** Opening GIVEN DATA block **
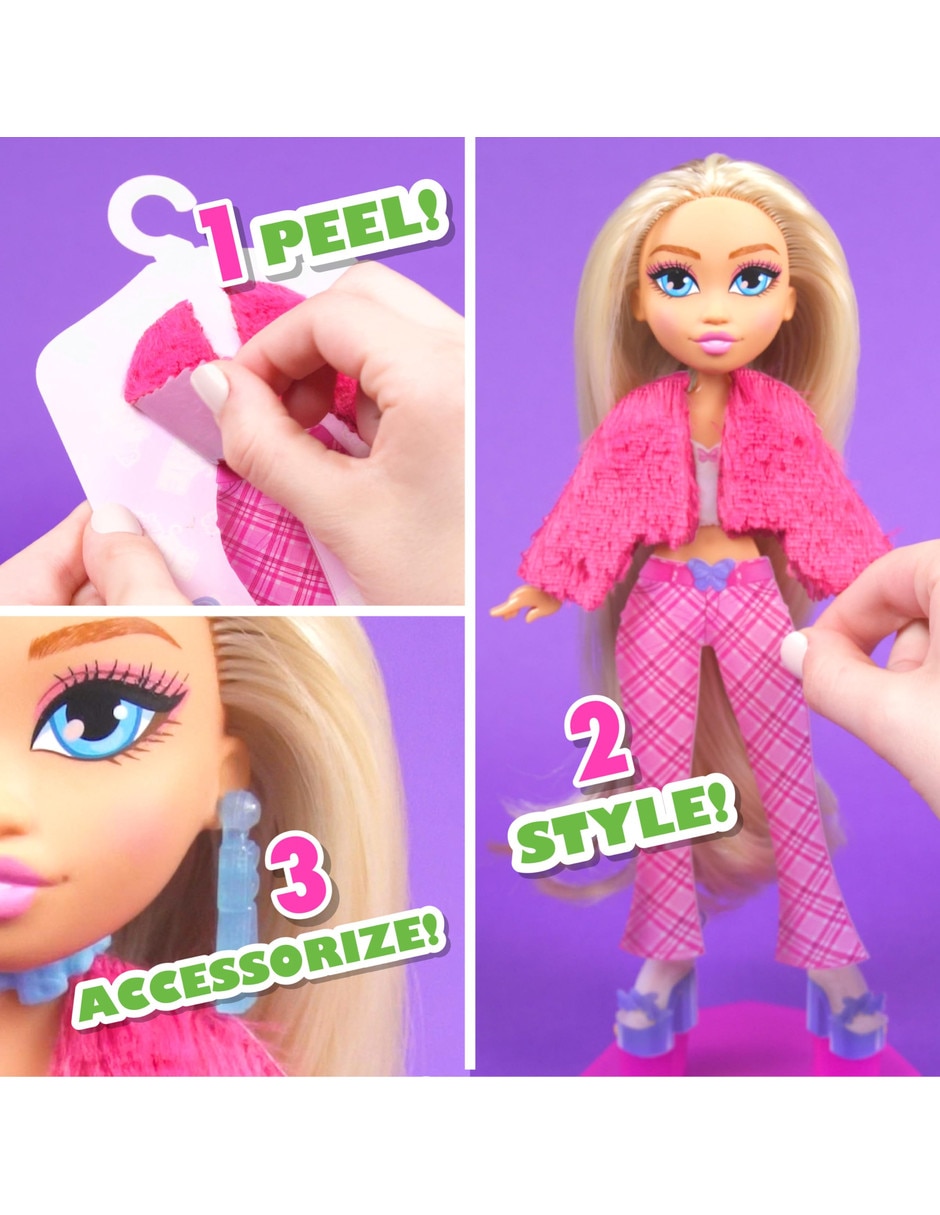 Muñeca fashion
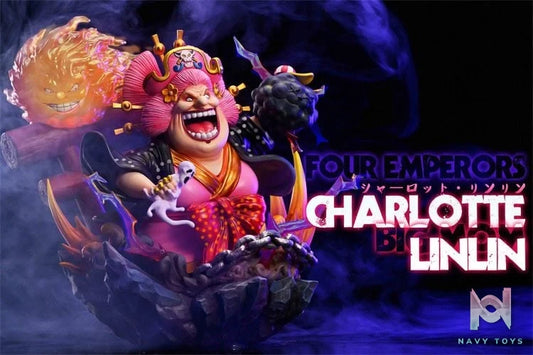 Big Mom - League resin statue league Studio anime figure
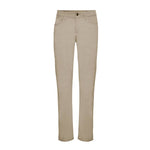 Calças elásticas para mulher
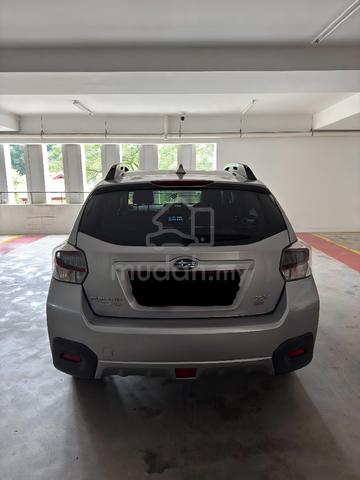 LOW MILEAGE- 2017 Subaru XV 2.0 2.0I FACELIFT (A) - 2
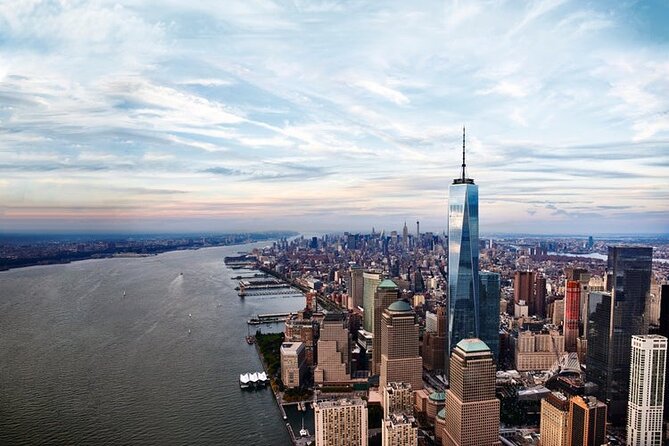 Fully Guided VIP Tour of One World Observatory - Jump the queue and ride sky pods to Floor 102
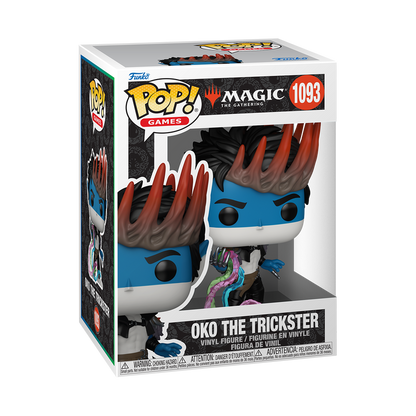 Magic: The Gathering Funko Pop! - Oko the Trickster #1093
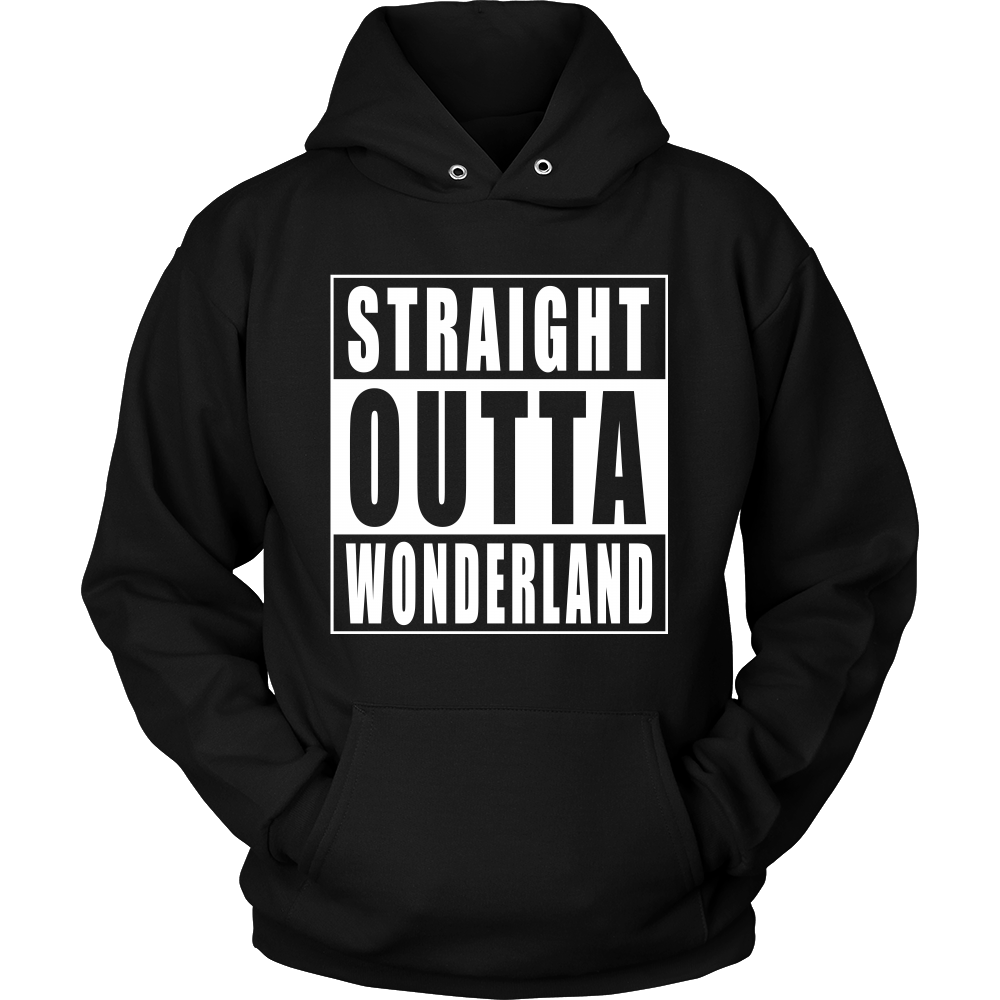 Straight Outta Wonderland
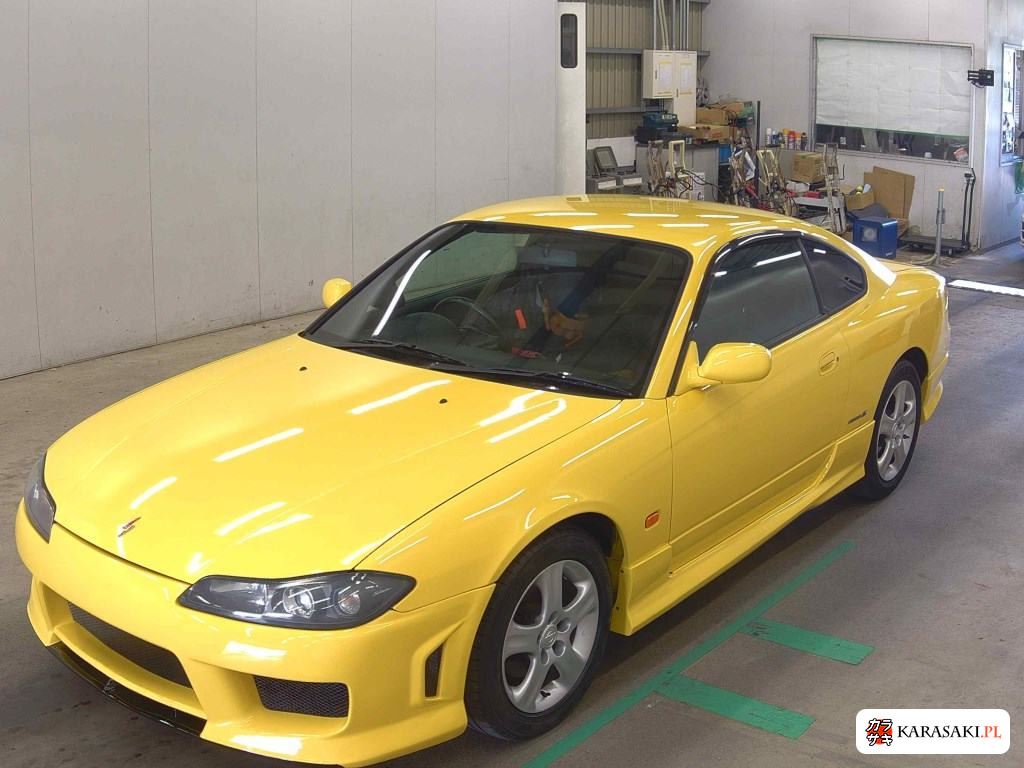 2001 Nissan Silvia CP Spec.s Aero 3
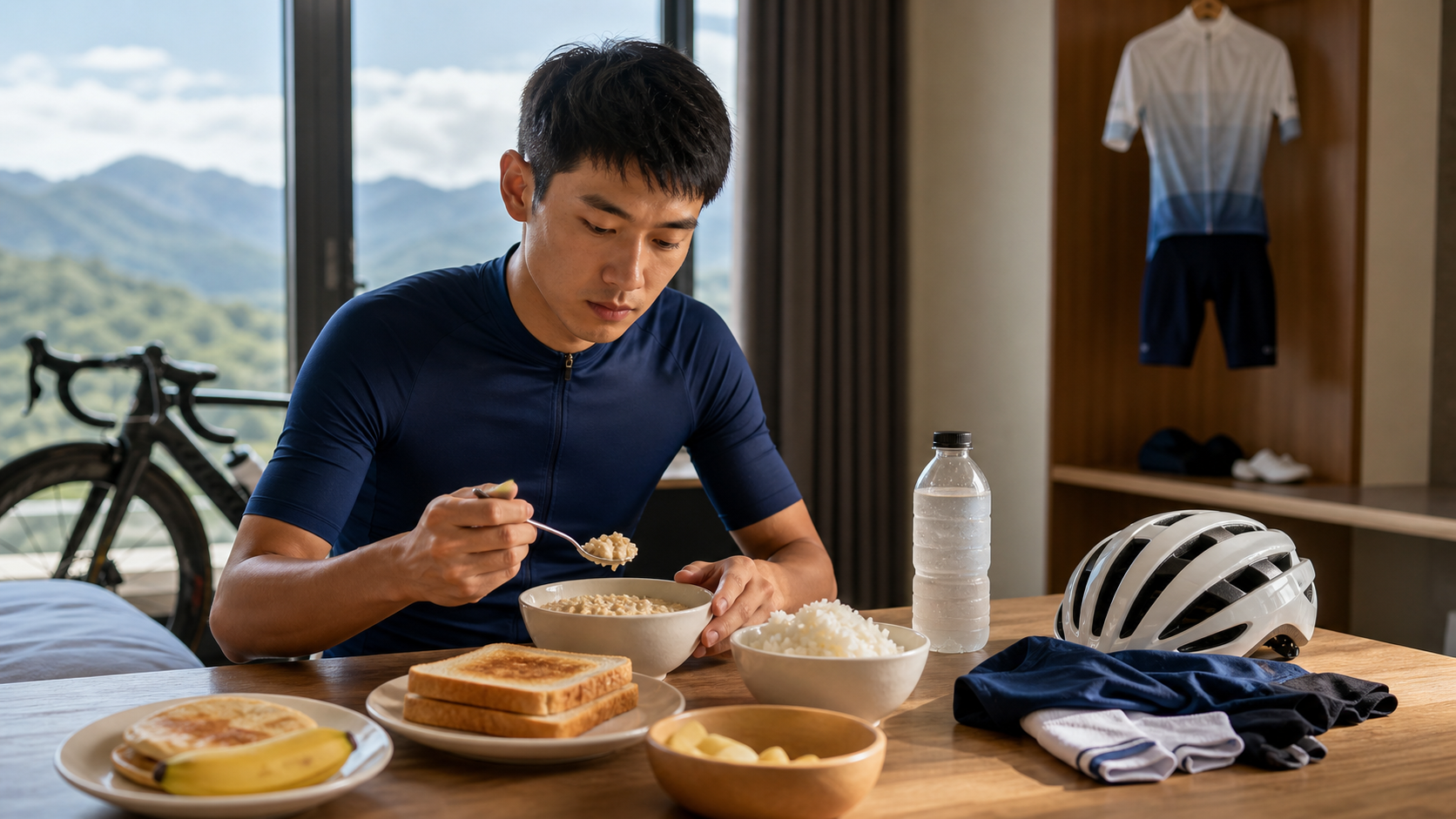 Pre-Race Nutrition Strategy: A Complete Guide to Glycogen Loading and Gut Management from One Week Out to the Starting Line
** Closing GIVEN DATA block **
(WHAT TO DO): Word for word, restate the records above and drop the pictures.

(PROBLEM SOLUTION):
 Muñeca fashion
 Big Mom - League resin statue league Studio anime figure
 Calças elásticas para mulher
 LOW MILEAGE- 2017 Subaru XV 2.0 2.0I FACELIFT (A) - 2
 Fully Guided VIP Tour of One World Observatory - Jump the queue and ride sky pods to Floor 102
 Magic: The Gathering Funko Pop! - Oko the Trickster #1093
 Straight Outta Wonderland
 2001 Nissan Silvia CP Spec.s Aero 3
 Pre-Race Nutrition Strategy: A Complete Guide to Glycogen Loading and Gut Management from One Week Out to the Starting Line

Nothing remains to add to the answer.